**Work to complete**
What you return should be the complete listing, unchanged, with no pictures in it.

**Dataset excerpt**
[Start of Attachment]
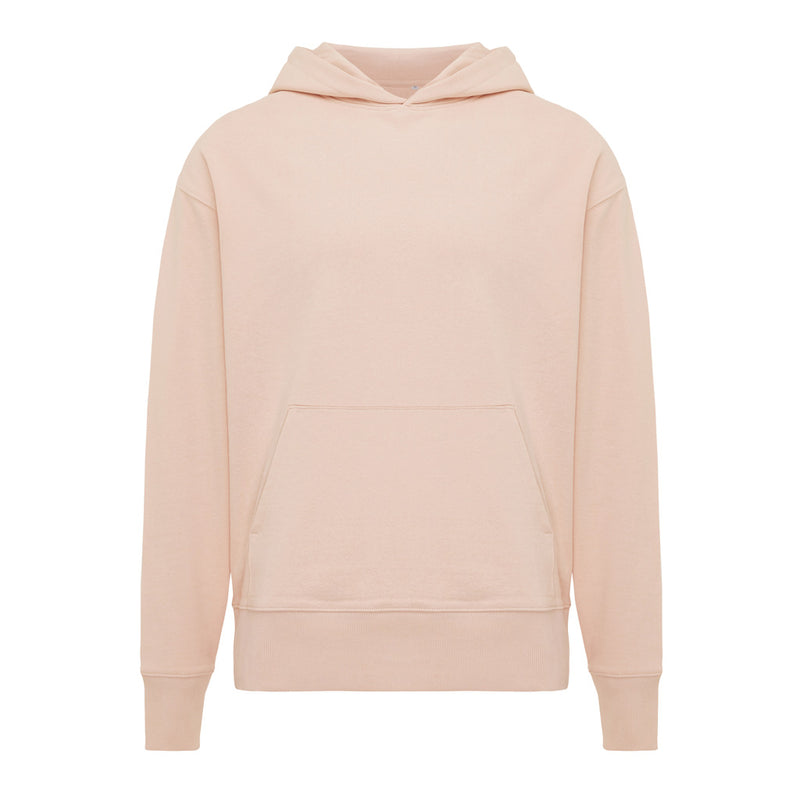 Load image into Gallery viewer, Yoh recycled cotton relaxed hoodie - Custom Wood Designs
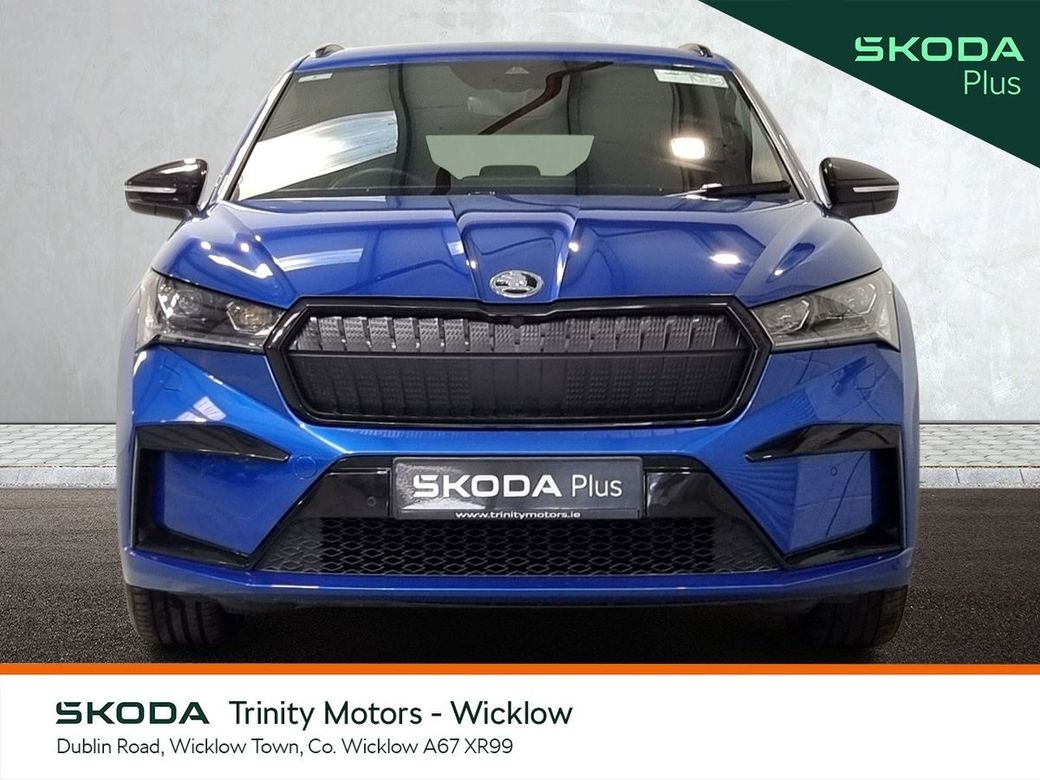 2023 Skoda Enyaq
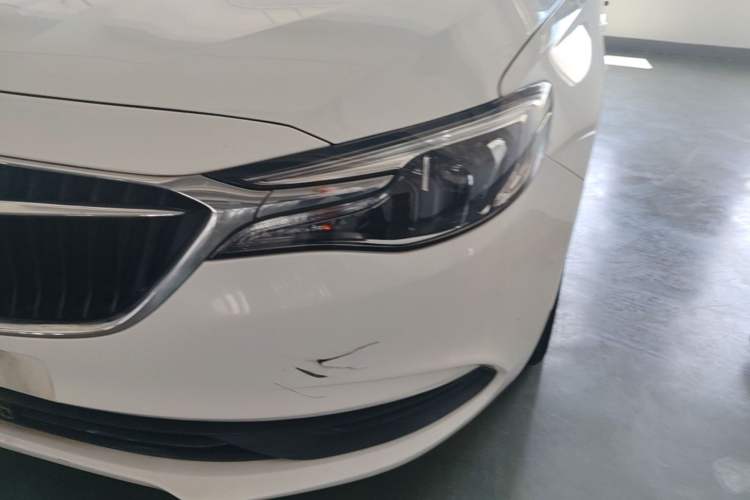 Used Buick GT 2021 Revised Version Flagship 1.5L Automatic Elite Edition Left Front Headlight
[End of Attachment]
**Exercise answer**
 Load image into Gallery viewer, Yoh recycled cotton relaxed hoodie - Custom Wood Designs
 2023 Skoda Enyaq
 Used Buick GT 2021 Revised Version Flagship 1.5L Automatic Elite Edition Left Front Headlight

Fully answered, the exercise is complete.